Semana distrital y la asunción de los candidatos al paraíso del voto territorial | Carolina Guzmán Navarro | Opinión

Cada cierto tiempo, cuando se avecinan elecciones parlamentarias, el escenario político se transforma en un espectáculo casi religioso. Los candidatos —casi siempre hombres, curiosamente— irrumpen como iluminados: seres de luz autoproclamados, convencidos de que la historia y el territorio los esperaban a ellos para redimirnos de todos los males.
Se presentan con despliegues cuidadosamente montados: estados fallidos, incapacidad de conducción de todas las autoridades no afines a sus discursos, aunque a veces no logren siquiera conducir o sincronizar sus propias acomodaticias biografías. Son varones que ascienden al púlpito electoral con la seguridad del predicador que jamás duda, convencidos de que su tono grave y sus puestas en escena son, en sí mismos, argumentos irrebatibles.
Y si de coreografía hablamos, no falta el aire mesiánico: manos alzadas, miradas al horizonte y frases grandilocuentes que caben en una polera o en un meme. Las mujeres, ya sean o no autoridades territoriales o nacionales, cuando aparecen, son invitadas a acompañar como testigos del milagro, nunca como portadoras de la revelación. La política, en esta liturgia, sigue siendo monopolio de varones que juegan a ser los Moisés de turno, dispuestos a abrir los mares del Congreso con su mera voluntad.
Los medios, por supuesto, cumplen la función de altar. Reproducen rumores, fabrican oráculos en forma de encuestas y consagran a los elegidos en programas de su señal. La opinión pública se cocina entre titulares apocalípticos y discursos acomodados, que reinventan la realidad hasta que este encaje con la narrativa del salvador del día.

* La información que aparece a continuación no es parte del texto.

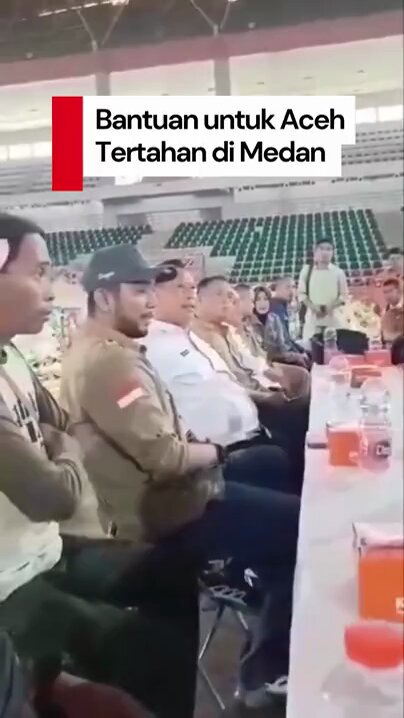 Viral di media sosial, bantuan relawan asal Malang untuk Aceh Tamiang tertahan di Pelabuhan Belawan. Dua kontainer bantuan diminta menanggung biaya angkut Rp 2,4 juta akibat perubahan pengiriman. BPBD Sumut menyebut bantuan tersebut belum terdata di Pemprov, sehingga terkendala administrasi dengan PT Pelni. >>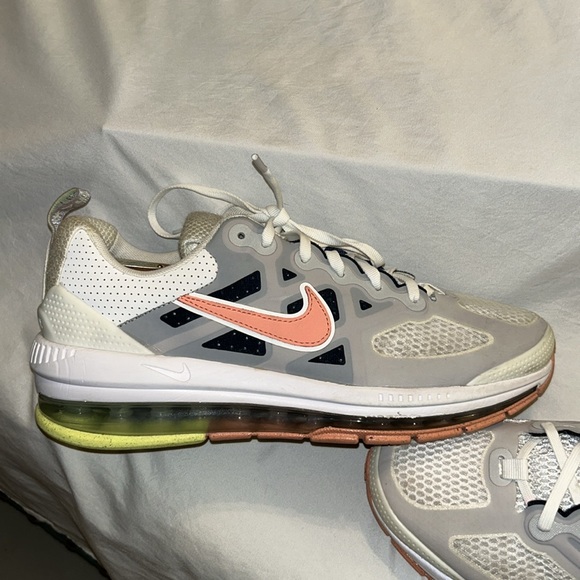 Nike Air Max Genome - Picture 7 of 7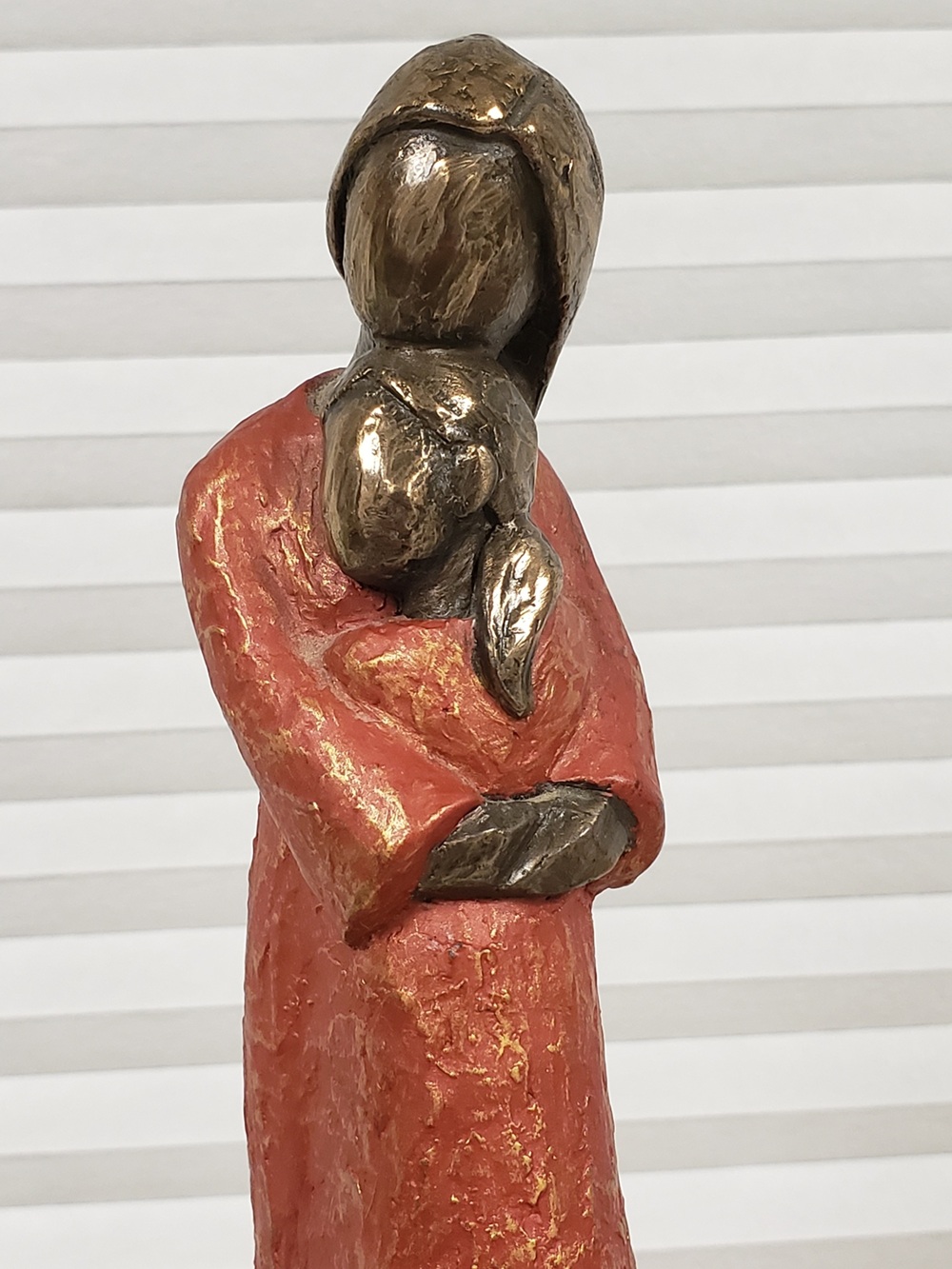 Vtg Genesis Fine Arts Heredities "Mother's Hug" Sculpture 10" Tall, Ireland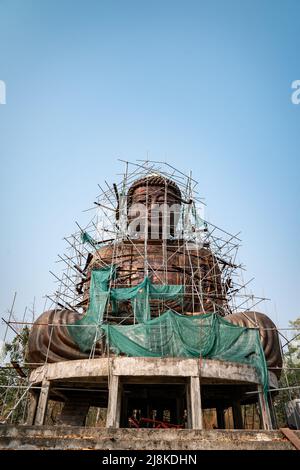 Die Daibutsu Buddha-Statue in der Provinz Lampang, Thailand, wurde am 28. März 2021 im Bau aufgenommen. Stockfoto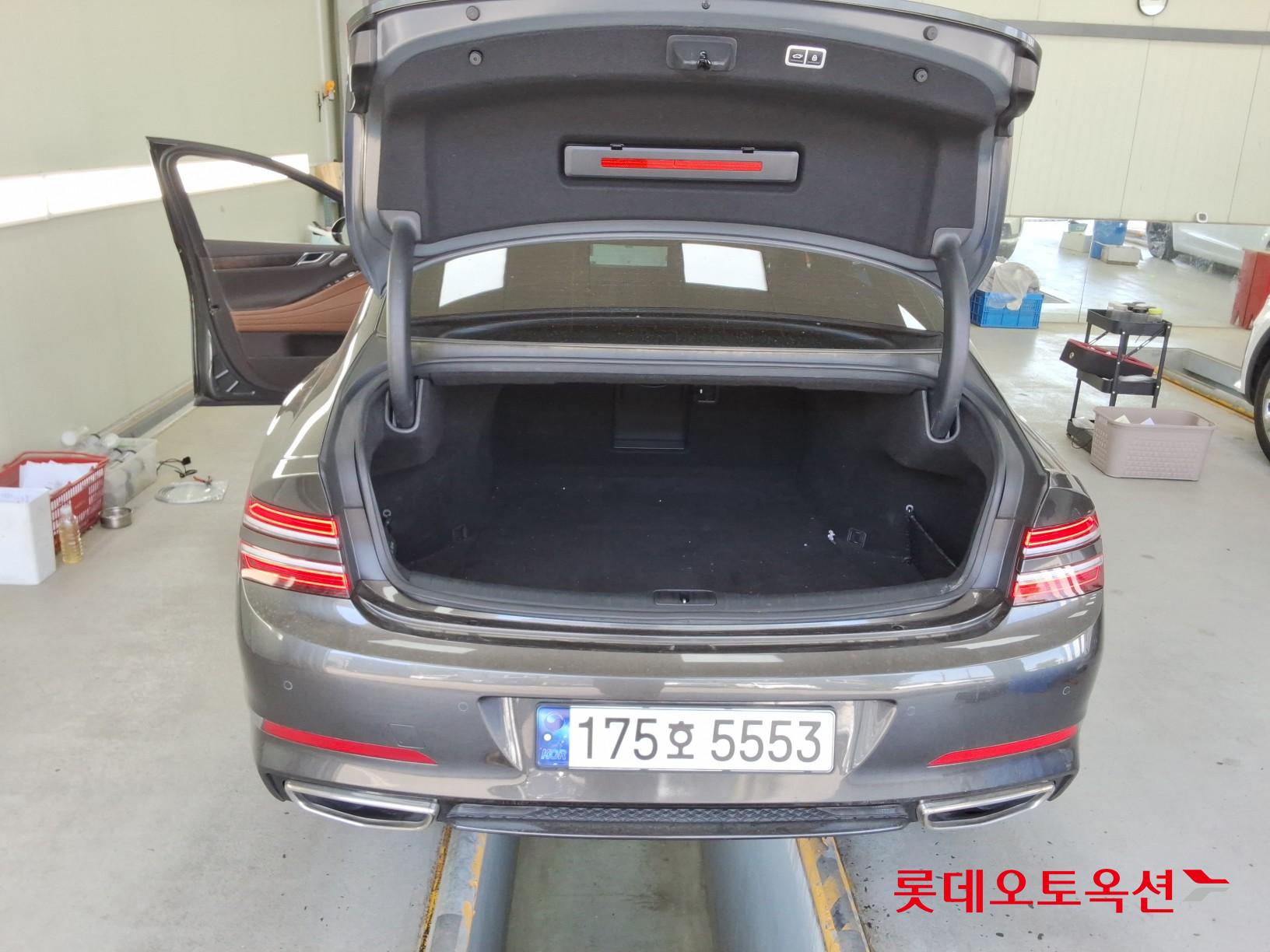 Genesis G80 - 9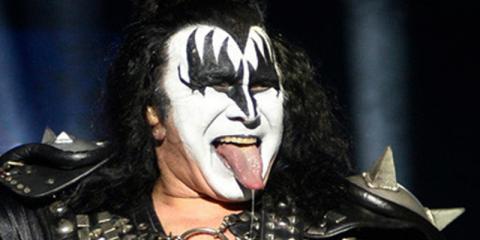La recomendaci&oacute;n apocal&iacute;ptica de Gene Simmons ante el coronavirus: "Asume que todos son zombies"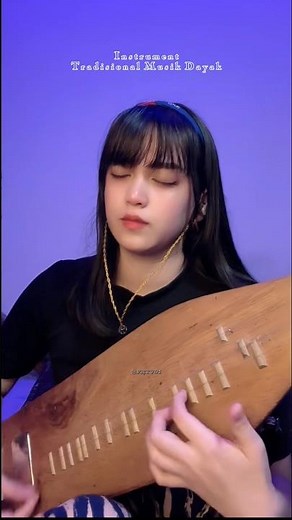 Instrument Musik Tradisional Sape Dayak #shorts #sapedayak #sapeborneo #viral #fyp #fypシ #fypシ゚viral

El período de campaña es, en realidad, una sala de clases exprés: todos aprenden rápido a simular indignación, a usar metáforas de guerra y a desplegar promesas como si fueran milagros de fin de semana. Aprenden, en fin, que lo importante no es gobernar, sino ser virales.
Milei en Argentina ya nos mostró el manual llevado al extremo: varón furioso, motosierra en mano, mezclando economía con gore y política con stand-up. Nuestros iluminados locales no llegan tan lejos —todavía—, pero ensayan versiones menos sangrientas del mismo libreto: cortar, arrasar, refundar. La diferencia es que aquí cambian la motosierra por frases hechas y por la vieja costumbre de las falsas soluciones.
Al final, detrás de tanto resplandor y tanta testosterona discursiva, la política se reduce al mismo truco de siempre: hombres autoproclamados salvadores, construyendo opinión pública a partir de realidades distorsionadas. Suben a los escenarios convencidos de que la historia comienza y termina con ellos.
La gran pregunta es: ¿seguiremos creyendo en estos mesías? ¿O aprenderemos, de una vez, que los milagros electorales duran menos que una promesa en campaña?